So what does this mean? It means that all descriptions and laws of physical reality aka Universe, have both known and unknown solutions. This is where mathematics diverges from the laws of physics. In the physical universe indeterminate or undecidable outcomes are not allowed, but are allowed in mathematics.

That implies a mathematical description of the physical Universe that produces indeterminate, undecidable or unsolvable outcomes is either representationally insufficient because it cannot forecast how a physical process will unfold or incorrect because it cannot facilitate further decidable enhancements.

This also implies that for substantial theory driven technological progress we require physical theories that meet four criteria consistent, solvable, decidable, and verifiable. My work in, An Introduction to Gravity Modification meet all four criteria.

With this in mind let us take at look at Michio Kaku‘s classes of impossibilities. Michio Kaku in his book Physics of the Impossible describes three classes of impossibilities. Class I is impossible today but do not violate known laws of physics. Examples are teleportation, and antimatter engines. Class II impossibilities are at the very edge of our understanding of the physical world. Examples are time machines, hyperspace travel, and wormhole travel.

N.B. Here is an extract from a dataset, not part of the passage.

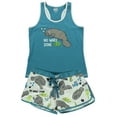 thumbnail image 3 of LazyOne Matching Pajamas for Women, Cute Pajama Shorts and Tank Top Set, Manatee (No Wake Zone, X-Small), 3 of 7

And Class III impossibilities violate the known laws of physics. We are in Class 0 impossibility.

It is clearer if we work backwards. Within the limits of our knowledge base we can therefore infer that Class III impossibilities are, inconsistent, unsolvable, undecideable and unverifiable. That is Class III impossibilities do not meet all 4 requirements for a physical theory.

Class II impossibilities are consistent, unsolvable, undecidable and unverifiable. That is they meet only the first of the 4 requirements.

Class I impossibilities are consistent, unsolvable, undecidable but verifiable, that is they meet only 2 of the 4 requirements for a physical theory.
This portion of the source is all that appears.